Управляющего земским хутором А. Ф. Чеботарева он знает, но двое незнакомых господ внушают ему некоторое опасение. Как и вся деревушка, как будто оробевшая вблизи казенного леса («рукой подать, а подижа тронь хоть оглоблю!»), и староста, и несколько подошедших мужиков, подростков и мальчишек, видимо, жмутся и робеют. Угнетенный вид, землистые лица и лохмотья…

Узнав, что мы «насчет продовольствия» и «по части столовых», — деревня, в лице ее невзрачных представителей, ободрилась и как бы просветлела.

— То-то вот, — произносит староста, опять сволакивая с лысой головы жалкое подобие шапки… — Забыли нас или уж как… Бьемся, бьемся, другим людям дают, а нам нет ничего.

— Как, — разве вы не получаете пособия?..

— Выдали: кому пять фунтов, кому семь; нешто с этим жив будешь… Другим вот…

Робкая подлесная деревушка не может, по-видимому, представить себе, что и другие, кажущиеся ей счастливцами, получают тоже по пяти и семи фунтов.

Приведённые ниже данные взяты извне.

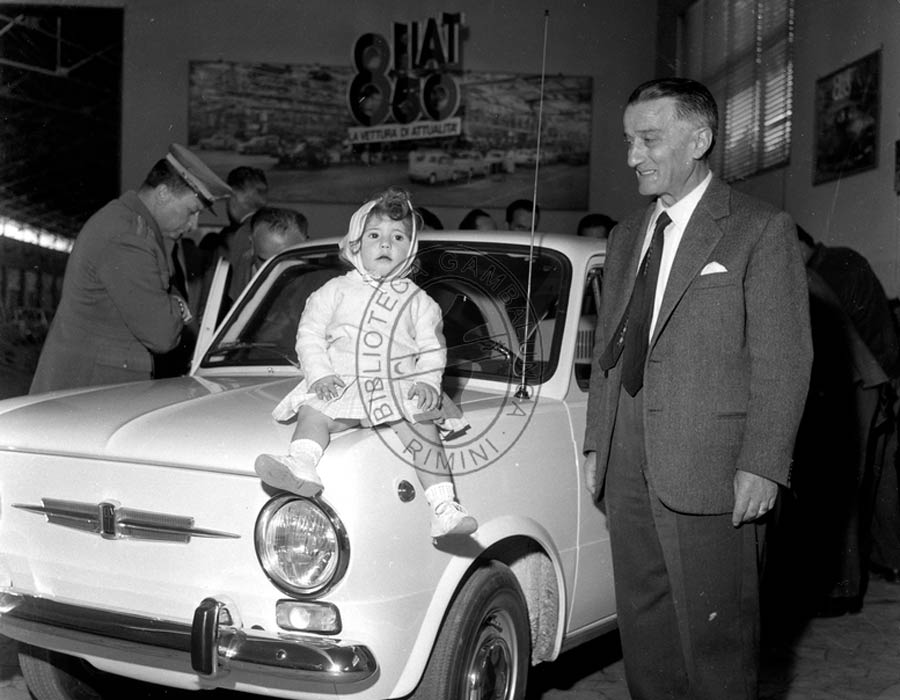 Introductie van de Fiat 850 bij de gebroeders Sartini in Rimini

Петровцам кажется, что это только их забыли здесь, в медвежьем углу, под лесом.

Между тем, наш приезд обратил уже внимание, и деревня зашевелилась, как муравейник. Какой-то мужик, коренастый, с угрюмым лицом, подошел к нам походкою медведя и вопросительно уставился на старосту.

— Да еще вот, — заговорил тот, как бы поняв значение этого тяжелого взгляда, — женщина у нас больная… Рот у нее вовсе теперича открылся, нос проваленой. Просто оказать, никуда не годится, беда! Что хошь с ней делай…

— Дух, — мрачно пояснил новопришедший и опять уставился на старосту, как бы подсказывая ему продолжение речи.

— Действительно, ваше благородие, дух от ней пошел, терпежу нет. Лежит на печке, в избу не войдешь…

— И не ходит никуды, — опять подгоняет мужик своего официального заступника и оратора.

— Так точно. Правда это: не может и ходить никуды. Прежде все-таки нарусь-те (наружу) ходила, ноне никуды не ходит.

— А дети малые… — опять подсказывает муж больной женщины, очевидно, крайне заинтересованный, чтобы красноречие старосты произвело на нас должное впечатление.

А двери то и дело отворяются, и из-под кучек снега, нахлобучившего белыми шапками невзрачные избенки, сползаются к нам петровские обыватели, закоптелые, оборванные, робкие… Деревня несет к нам свои горести и невзгоды…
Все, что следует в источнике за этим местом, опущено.